There is an impressive number of activities on offer, all within walking distance of the town. Sea kayaking, stand-up paddling, canoeing, zip-lining and rock climbing can all be done through Carlingford Adventure Centre, which draws tourists from across Europe. It was set up by Tom and Mary McCarthy more than 25 years ago. Its skytreks take you across treetops; zip-lines whizz down quarries where there are also rock faces to climb as well as watersports galore from their second base on the pier.

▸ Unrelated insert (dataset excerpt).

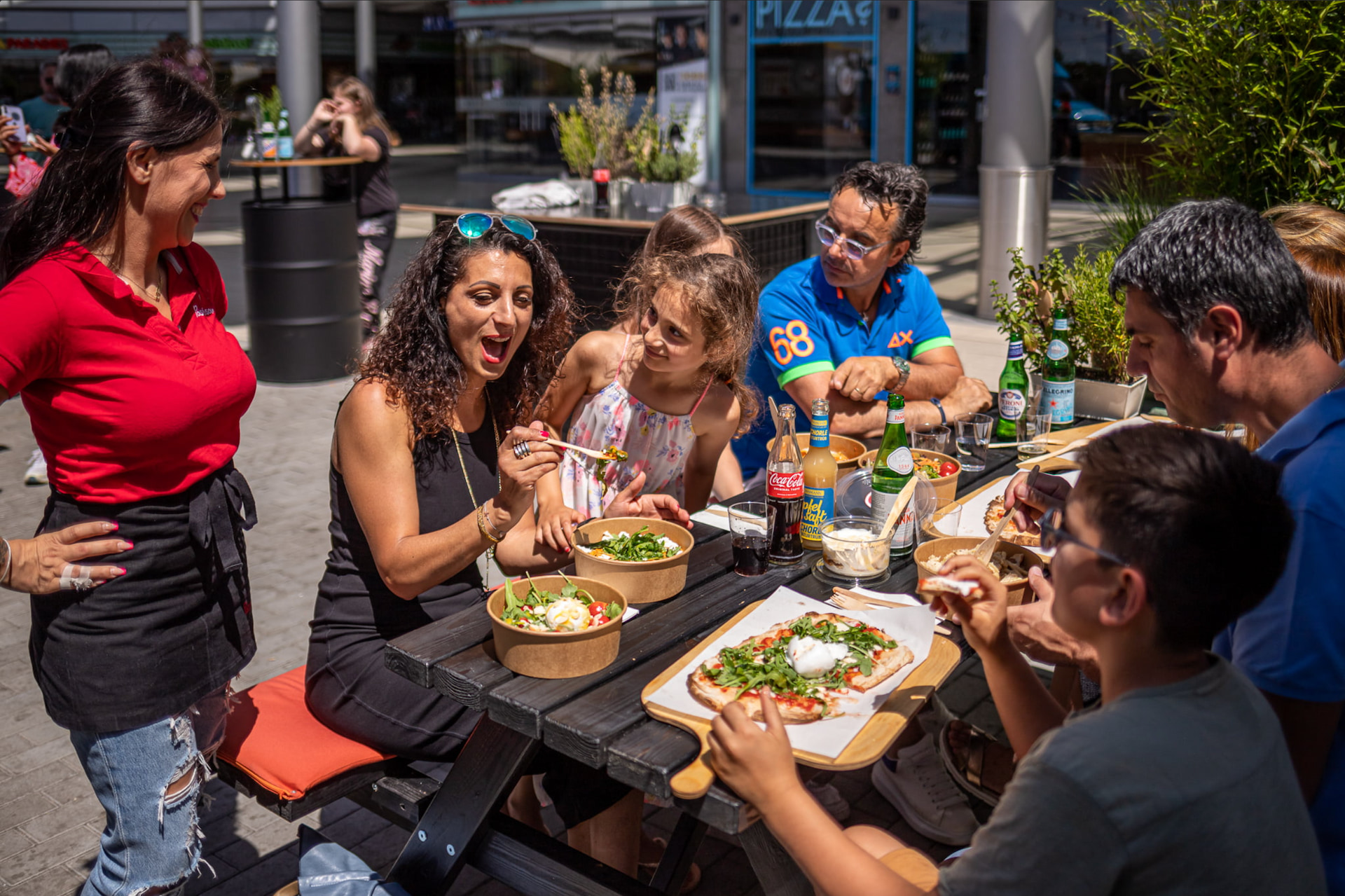 Fröhliche Gruppe genießt frische Pinsa, Salate und Softdrinks an einem sonnigen Tag im Außenbereich eines Restaurants – mediterranes Streetfood-Erlebnis mit Familie und Freunden.
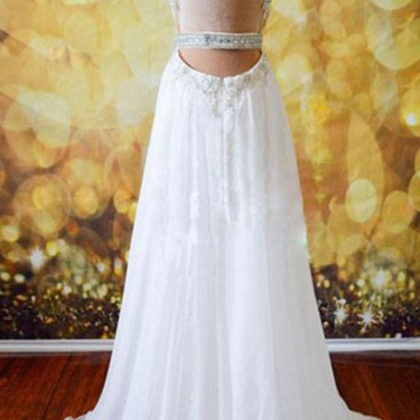 A Clear White Ball Gown With A Chiffon Gown,..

There is also accommodation and during the summer months kids can do a two-night, €199, or five-night, €329, residential camp for ages six and upwards. Rent a three-bedroom house at Harbour Cottages, situated beside the centre, and the kids can walk across to attend the daily camp, €150 for five days. There are also daily and half-day rates for adults and kids.
At Carlingford Sail Training Centre at Carlingford Sailing Club adults, even complete novices, can sign up for a three-hour session, €50, with Ivan Slater, a Kilkenny man who learned to sail while on summer holidays in Dunmore East, Co Waterford. Second-homers should know that kids can sign up to sailing lessons that run every Saturday from May to August, inclusive, from 10am-1pm with a barbecue after for the sum total of €90.
Carlingford has also developed a reputation as a stag and hen destination. There’s a whole website dedicated to group activities for the soon-to-be-married. “For the most part they’re pretty well-behaved although it can get messy late at night,” says one local.
The Táin Way is a circular walk and cycle route that loops around Carlingford Mountain ascending to Clermont cairn, a Bronze Age cairn at the top of Black Mountain. Travel quiet roads, forestry tracks, and open mountain paths. On a good day, the views from the high points are spectacular. You can see north across Carlingford Lough to the Mournes, and south all the way down the east coast. You might even see as far as the Isle of Man.
A recent addition to the area is the Greenore to Greencastle car ferry. Situated just a five-minute drive from Carlingford the service opens up the entire coastal route, north and south, to residents and visitors alike.
Where you might catch someone’s eye and what to say to them
You’ll have to be so careful catching anyone’s eye here. All the hen and stag parties are looking for a story to bring home so only look up if you’re up for it.
Souvenirs to bring home
Carlingford Design House is run by jeweller Garrett Mallon, whose own sterling silver creations on display include a necklace inspired by the local shore, €115. There is also a wide selection of wall art and ceramics by local makers.